In our example, after recompiling the program to instrument it for Thread Analyzer, we displayed the main window. The main window shows the program's threads and the procedures they call.
Thread Analyzer allows you to view the program in many ways, including those listed in Table 8-1:
Table 8-1 Thread Analyzer Views
View |
Meaning |
---|---|
Graph |
Plot the value of selected metrics against wallclock time. |
gprof(1) Table |
Display call-graph profile data for threads and functions. |
prof(1) Table |
Display profile data for program, threads, and functions. |
Sorted Metric Profile Table |
Display a metric for a particular aspect of the program. |
Metric Table |
Show multiple metrics for a particular thread or function. |
Filter Threads by CPU |
Display the threads whose percent of CPU is equal to or above a designated threshold. |
Filter Functions by CPU |
Display the functions whose percent of CPU is equal to or above a designated threshold. |
To look at wallclock and CPU times, choose the Graph view, and select CPU, Wallclock time, and Mutex Wait metrics. Figure 8-2 displays the Graph view of the wallclock and CPU times:
According to this graph, CPU time is consistently below wallclock time. This indicates that fewer threads than were allocated are being used, because some threads are blocked (that is, contending for resources).
Look at mutex wait times to see which threads are blocked. To do this, you can select a thread node from the main window, and then Mutex Wait from the Sorted Metrics menu. The table in Figure 8-3 displays the amount of time each thread spent waiting on mutexes:
The various threads spend a lot of time waiting for each other to release locks. (In this example, Thread 3 waits so much more than the others because of randomness.) Because the display is a serial resource--a thread cannot display until another thread has finished displaying--the threads are probably waiting for other threads to give up the display lock.

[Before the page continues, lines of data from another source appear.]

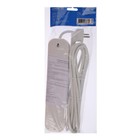 Сетевой фильтр 5bites SP5W-350 5S, 5 розеток, 3х1.5 мм2, с з/к, 16 A, ABS, 5 м, белый - фото 51312126 Сетевой фильтр 5bites SP5W-350 5S, 5 розеток, 3х1.5 мм2, с з/к, 16 A, ABS, 5 м, белый - фото 51312126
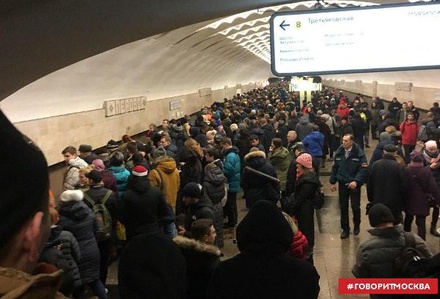 На Калининской линии метро Москвы увеличены интервалы движения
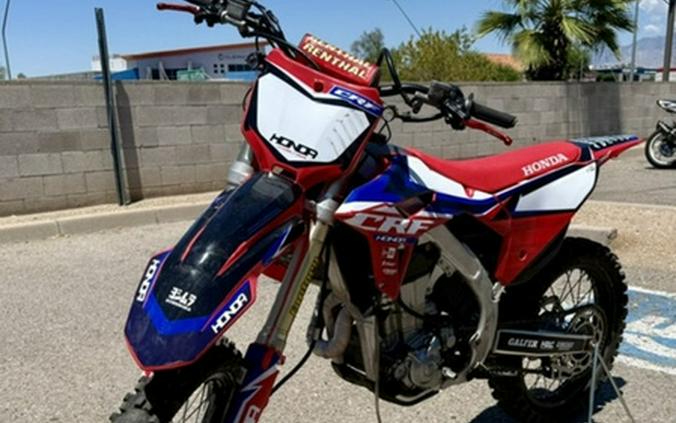 2022 Honda CRF 450R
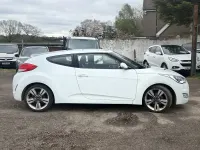 Used Hyundai Veloster Sport 140 HP (102 kW) 2012 White Hatchback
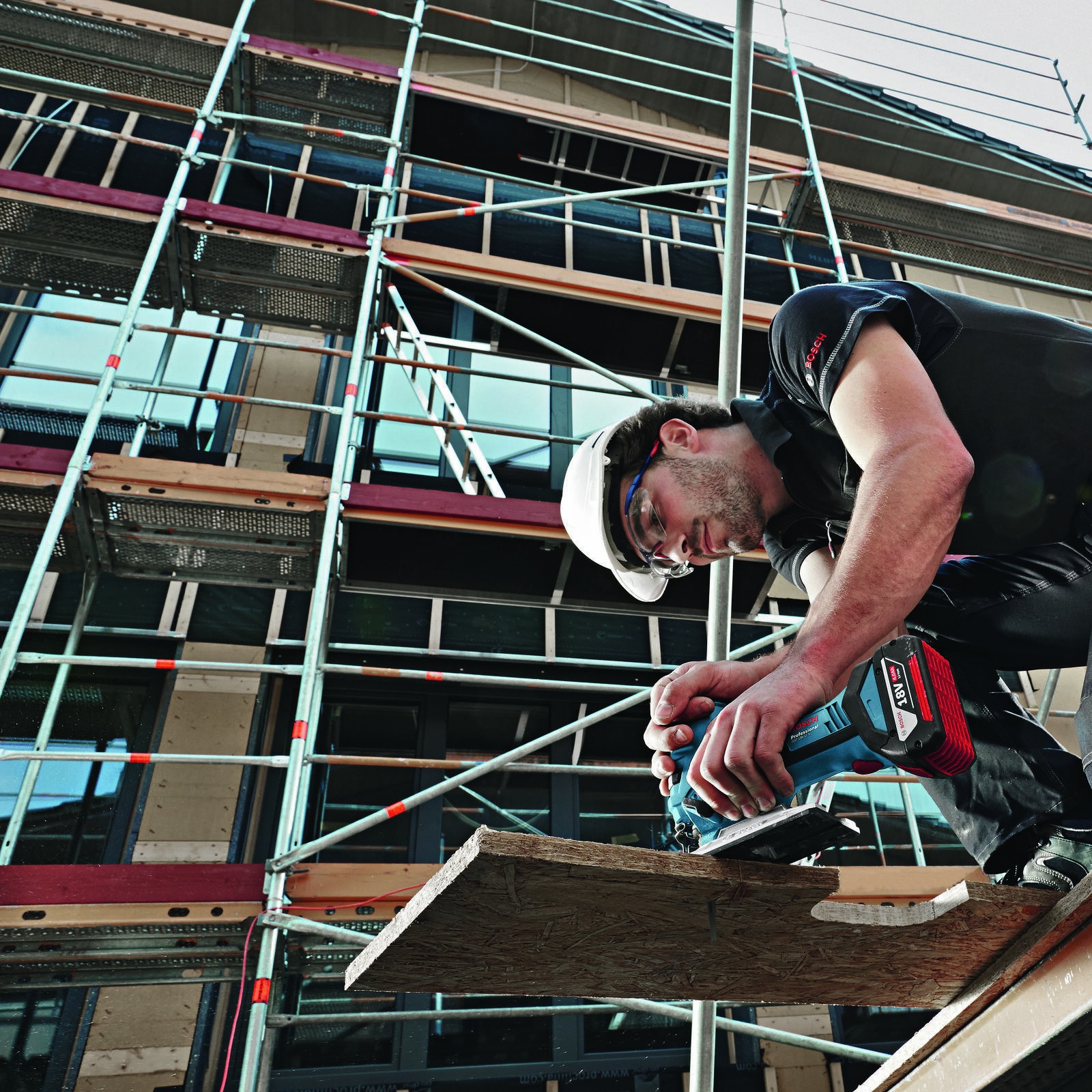 Bosch Blue 18V Cordless Jigsaw Skin Only Bunnings New Zealand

Figure 8-4 shows what's happening.
To speed things up, rewrite the code so that the calculations and the display are entirely separate. Figure 8-5 shows how the rewritten code uses several threads simultaneously to calculate rows of points and write th results into a buffer, while another thread reads from the buffer and displays rows:
Now, instead of the display procedure of each thread waiting for another thread to calculate and display, only the display thread waits (for the current line of the buffer to be filled). While it waits, other threads are calculating and writing, so that there is little time spent waiting for the display lock.
Display the mutex wait times again to see the amount of time spent waiting on a mutex:
The program spends almost all of its time in the main loop (Mandel), and the time spent waiting for locks is reduced significantly. In addition, Mandelbrot runs noticeably faster.